== Task instructions ==
From the first line to the last, restate every record word for word, leaving out the pictures.

== Exercise data ==
*****

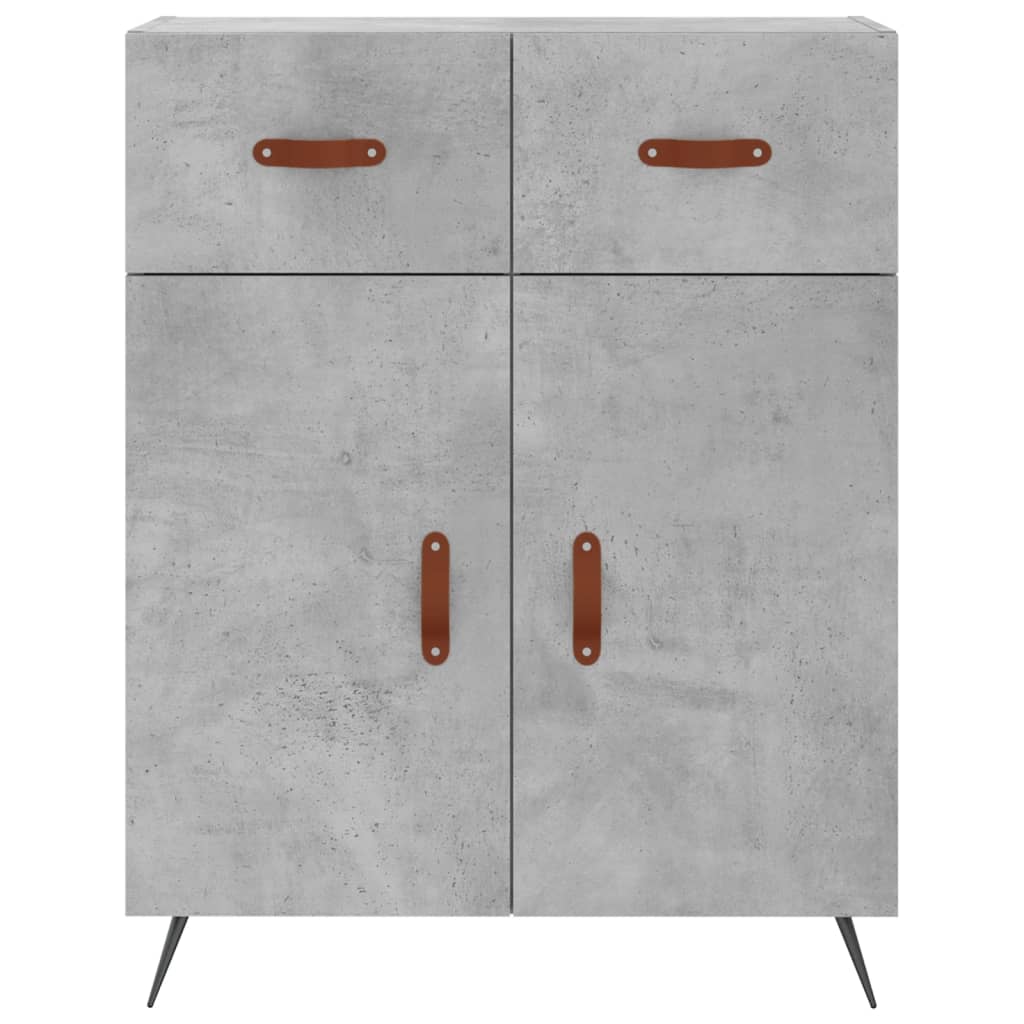 Highboard betonggrå 69,5x34x180 cm konstruert tre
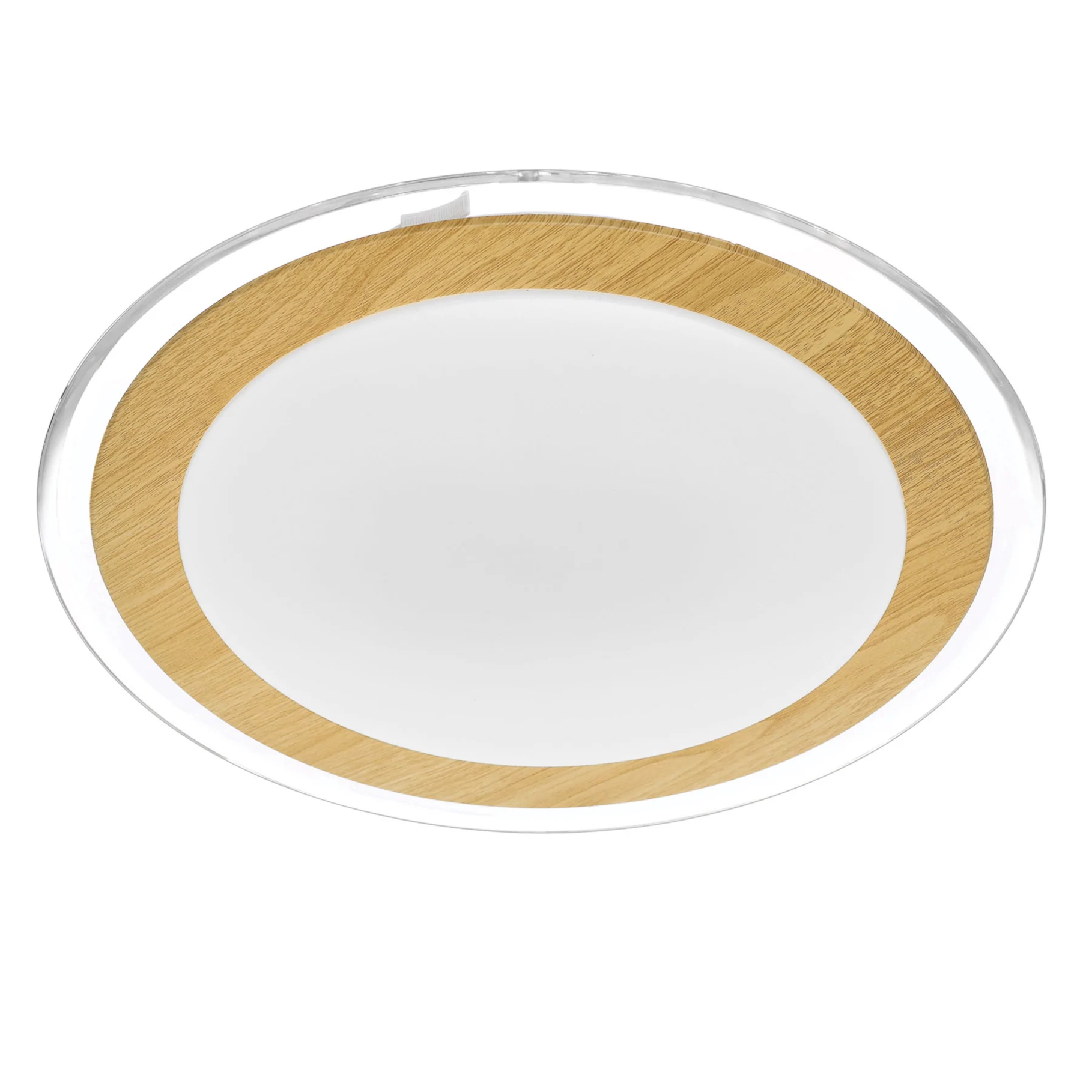 Aslan Oak Trim 3CCT Dimmable Round Oyster Light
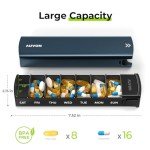 AUVON Stylish Aluminum Weekly Pill Organizer Box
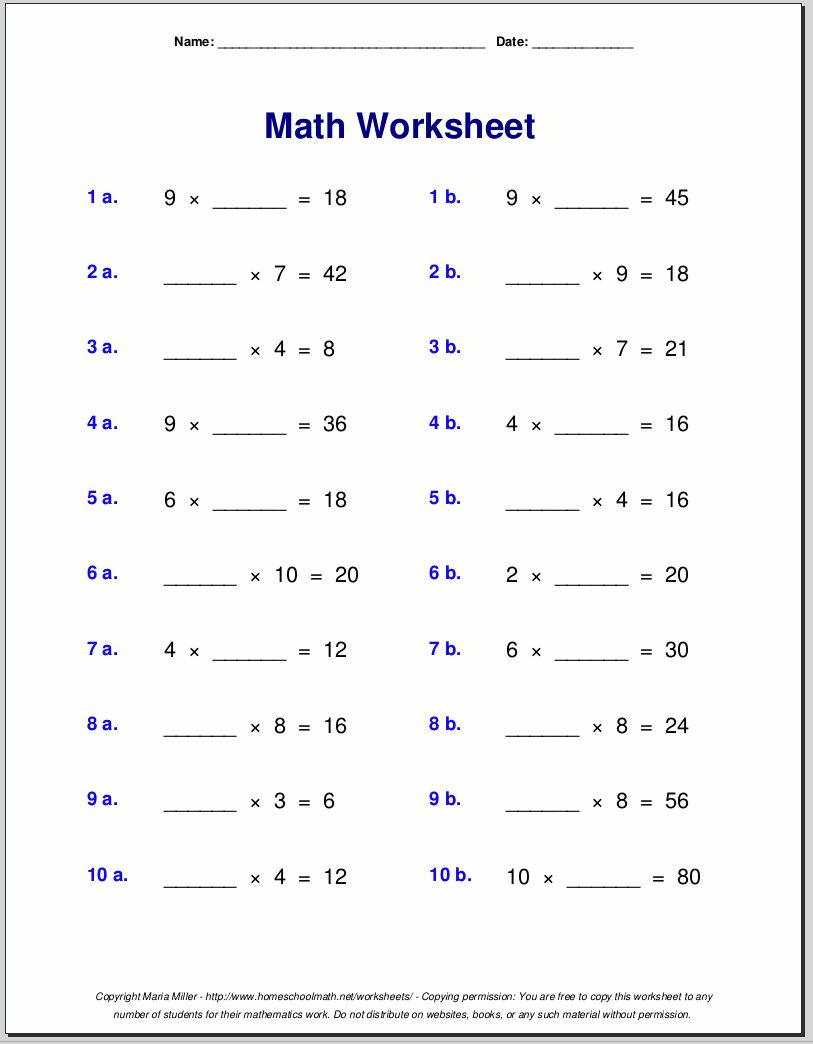 Free Math Worksheets Printable 4th Grade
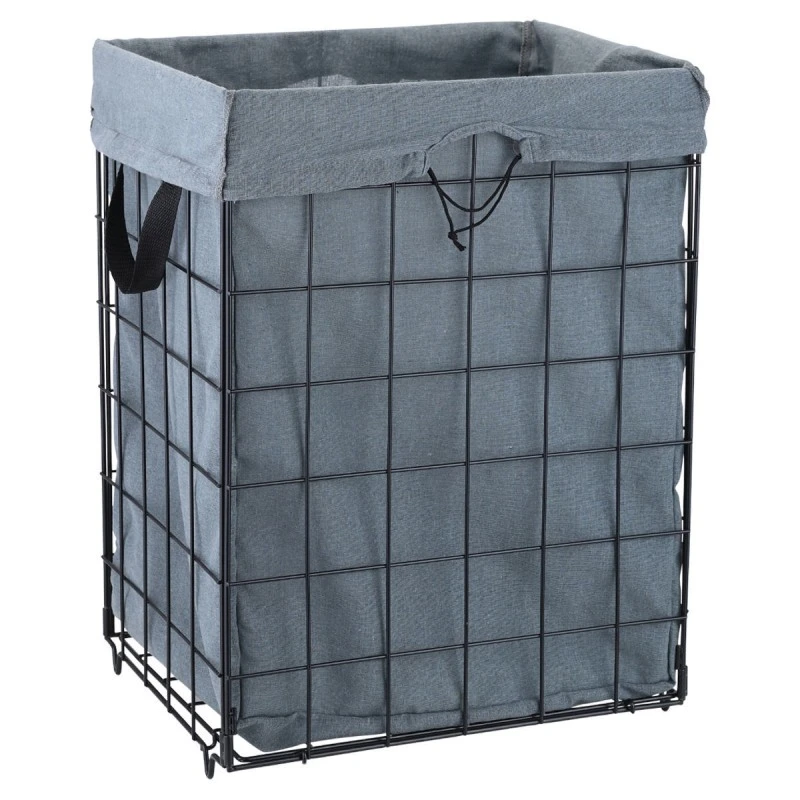 LAUNDRY BASKET CAGE METALLIC FOLDABLE 35x40x55cm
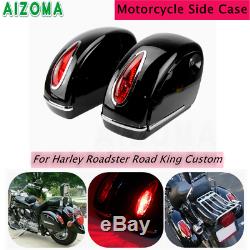 2pcs Motorcycle Side Box Bagages Réservoir Hard Case Selle Sacs Pour Harley Raod Roi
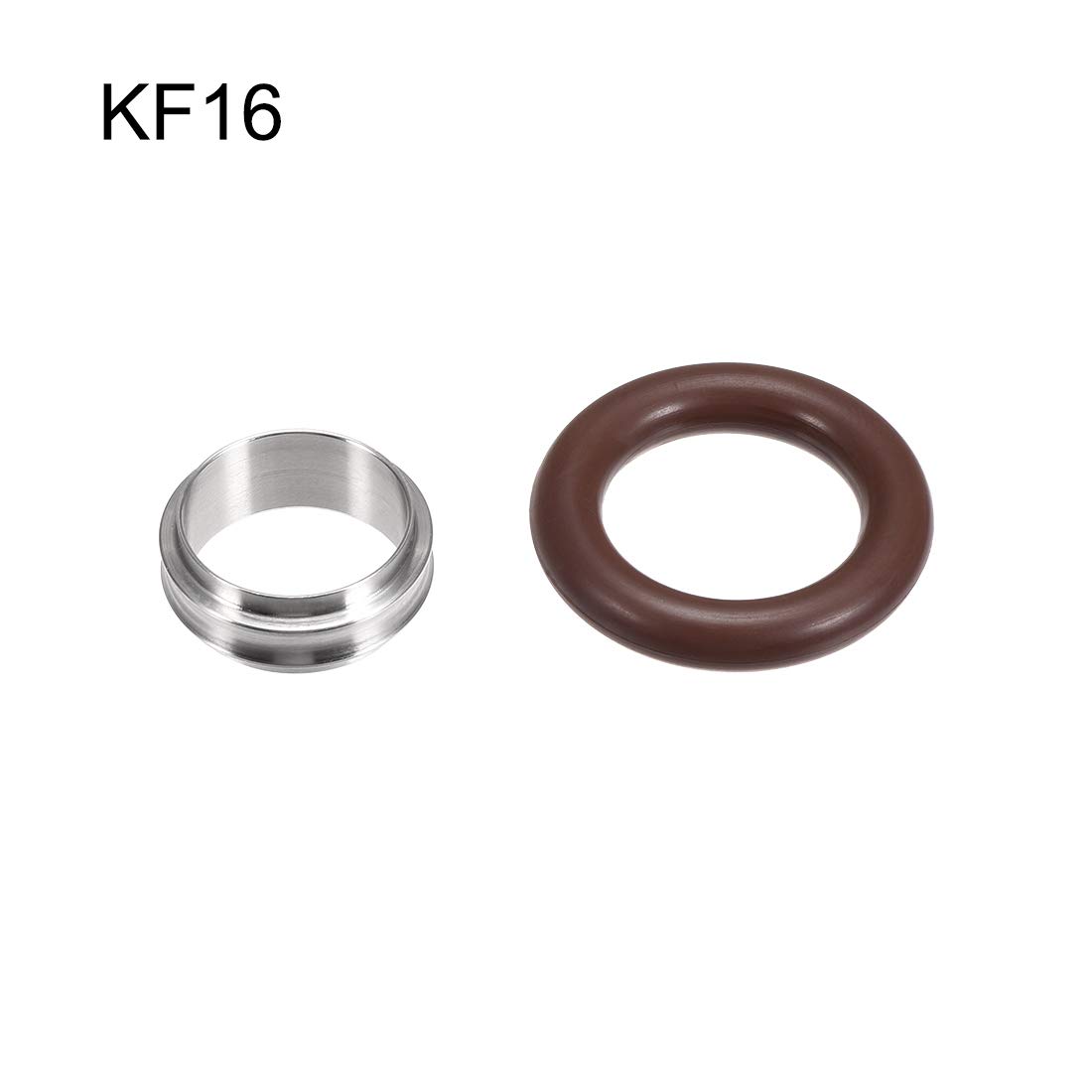 sourcing map 2Pcs Anneau Centrage KF-16 Vide Raccords ISO-KF Bride 29mm x 16mm Inoxydable Acier Caoutchouc Fluoré Joint Torique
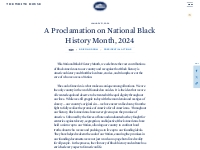 A Proclamation on National Black History Month, 2024 | The White House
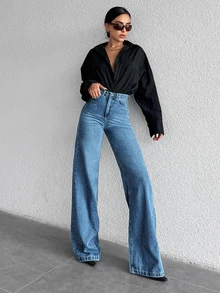 SHEIN Tall 女款時尚百搭口袋鈕扣寬鬆牛仔褲 夏季休閒正式 Y2K 商務鄉村牛仔女郎復古返校度假之夜 - 藍色 - 查看 3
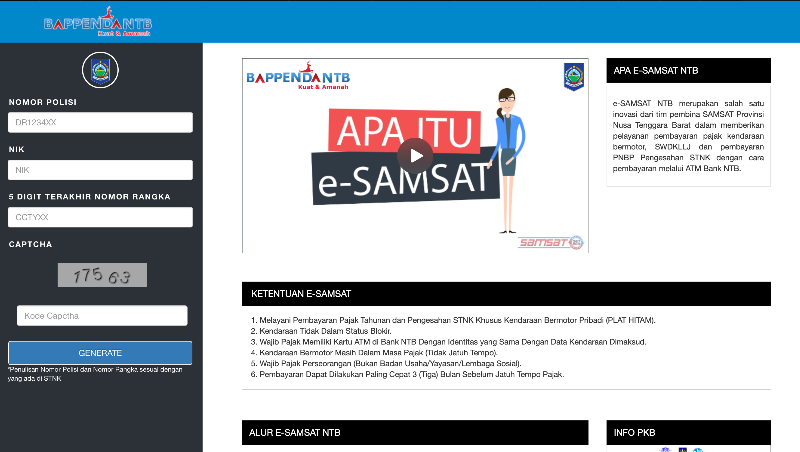 cara cek pajak kendaraan ntb via onlen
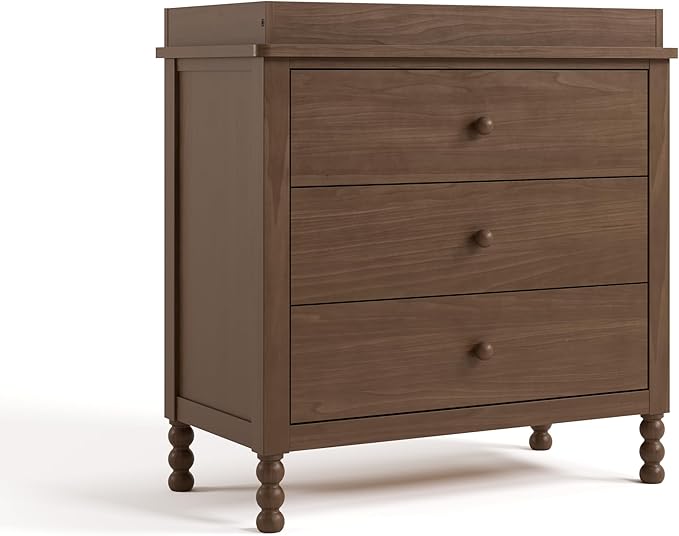 Storkcraft Rio 3 Drawer Chest with Changing Topper (Hazelnut) – GREENGUARD Gold Certified, Premium Wood Dresser for Baby & Kids Bedroom, Safety Interlocking Drawers, Pre-Installed Tracks, Kids Chest
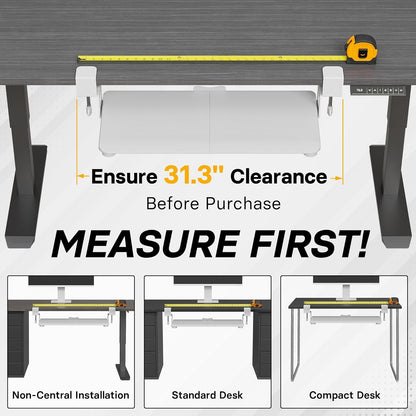 BONTEC KMT01 Under Desk Keyboard Tray, Pull-Out Keyboard & Mouse Platform with C-Clamp, 25.6 x 11.8 in Space-Saving Ergonomic Slide-Out Drawer, White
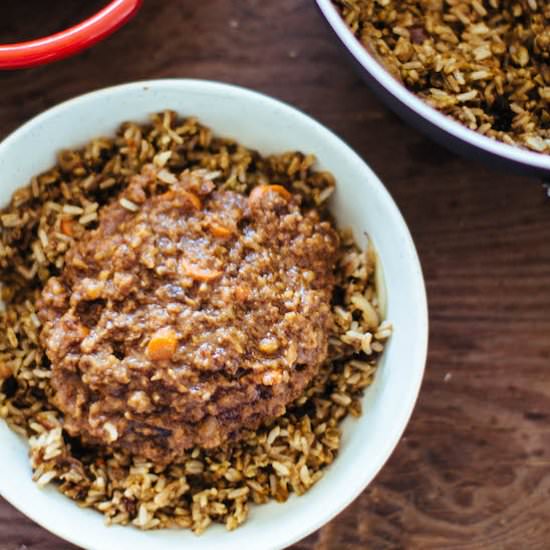 Vegan Fesenjan + Adas Polo
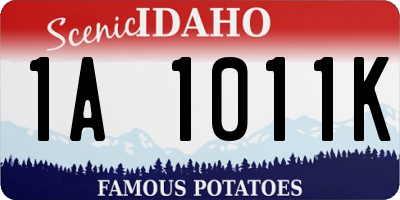 ID license plate 1A1011K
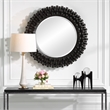 Uttermost Circle Of Piers Contemporary Wood Round Mirror in Ebony/Gray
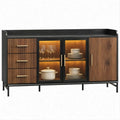 Aparador Retangular em Nogueira e Preto com Vidro, 180 x 45 x 90 cm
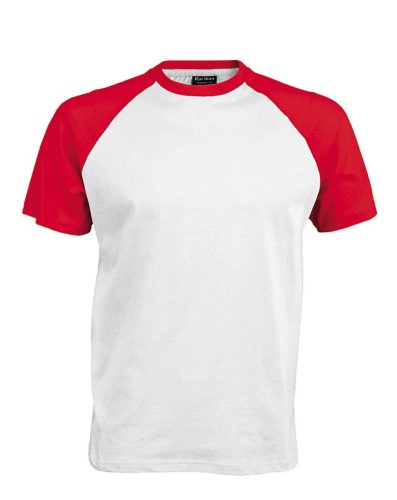 Kariban raglán ujjú kétszínű baseball férfi póló KA330, White/Red-2XL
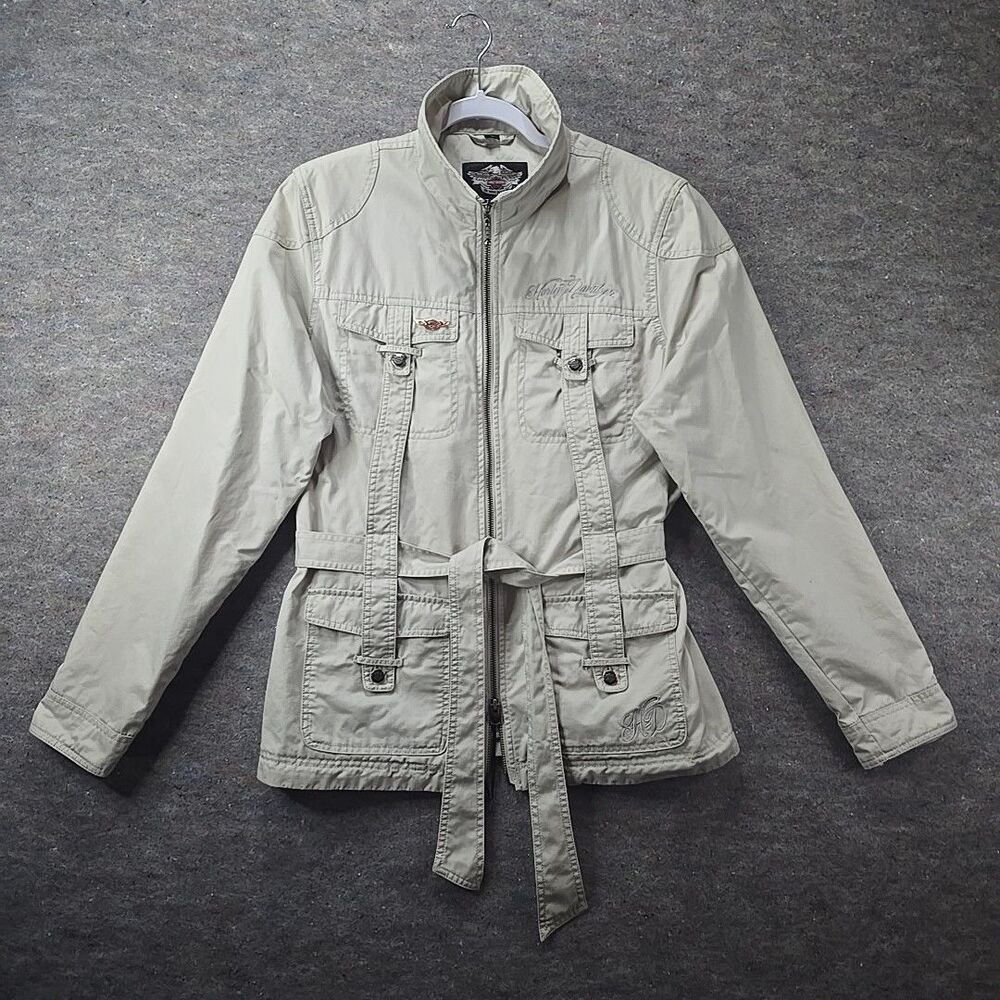 Harley-Davidson Lightweight Belted Khaki Jacket Tan Coat Womens Sz XL Y2K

*****

== Exercise output ==
 Highboard betonggrå 69,5x34x180 cm konstruert tre
 Aslan Oak Trim 3CCT Dimmable Round Oyster Light
 AUVON Stylish Aluminum Weekly Pill Organizer Box
 Free Math Worksheets Printable 4th Grade
 LAUNDRY BASKET CAGE METALLIC FOLDABLE 35x40x55cm
 2pcs Motorcycle Side Box Bagages Réservoir Hard Case Selle Sacs Pour Harley Raod Roi
 sourcing map 2Pcs Anneau Centrage KF-16 Vide Raccords ISO-KF Bride 29mm x 16mm Inoxydable Acier Caoutchouc Fluoré Joint Torique
 A Proclamation on National Black History Month, 2024 | The White House
 SHEIN Tall 女款時尚百搭口袋鈕扣寬鬆牛仔褲 夏季休閒正式 Y2K 商務鄉村牛仔女郎復古返校度假之夜 - 藍色 - 查看 3
 cara cek pajak kendaraan ntb via onlen
 Storkcraft Rio 3 Drawer Chest with Changing Topper (Hazelnut) – GREENGUARD Gold Certified, Premium Wood Dresser for Baby & Kids Bedroom, Safety Interlocking Drawers, Pre-Installed Tracks, Kids Chest
 BONTEC KMT01 Under Desk Keyboard Tray, Pull-Out Keyboard & Mouse Platform with C-Clamp, 25.6 x 11.8 in Space-Saving Ergonomic Slide-Out Drawer, White
 Vegan Fesenjan + Adas Polo
 ID license plate 1A1011K
 Uttermost Circle Of Piers Contemporary Wood Round Mirror in Ebony/Gray
 Aparador Retangular em Nogueira e Preto com Vidro, 180 x 45 x 90 cm
 Kariban raglán ujjú kétszínű baseball férfi póló KA330, White/Red-2XL
 Harley-Davidson Lightweight Belted Khaki Jacket Tan Coat Womens Sz XL Y2K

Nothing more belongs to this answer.